Não podemos deixar que os debates das pautas específicas caiam na miopia política, onde as questões da educação não estão interligadas com as condições gerais da sociedade. É por isso que combatemos o “economicismo sindical”. Segundo a definição gramsciniana, a educação consiste em um aparelho privado de hegemonia. Desta forma, a disputa desse aparelho está diretamente ligada à disputa de hegemonia da sociedade.

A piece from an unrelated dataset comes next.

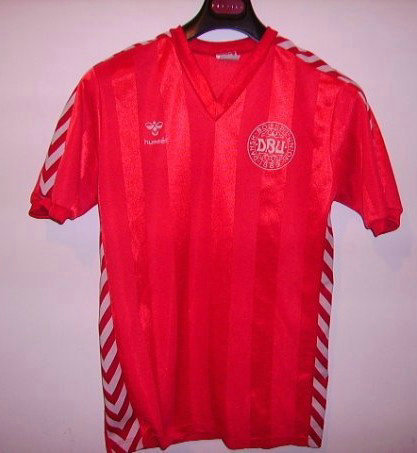 maillots danemark domicile 1982-1983 rétro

Todos os movimentos sociais disputam parcela da sociedade. Essas disputas, em seus respectivos “lócus” de atuação, devem estar diretamente interligadas a suas concepções de sociedade. Cabe aos movimentos sociais que lutam pelo mesmo modelo de sociedade se aliarem para as disputas específicas e para as disputas gerais. Nenhum movimento social será vitorioso se carregar somente sua pauta corporativa. Dessa maneira, acreditamos que o ME deva se aliar aos trabalhadores e aos oprimidos pela superação do modo de produção capitalista. Deve ser aliado do MST pela reforma agrária, do movimento sindical na defesa dos direitos trabalhistas e sindicais, como os demais movimentos e entidades populares devem ser nossos aliados na luta pela educação pública e gratuita. O ME não pode se fechar dentro das universidades, mas não pode se esquecer das lutas específicas, pois é através da luta naquele espaço que este pode se inserir nas lutas gerais.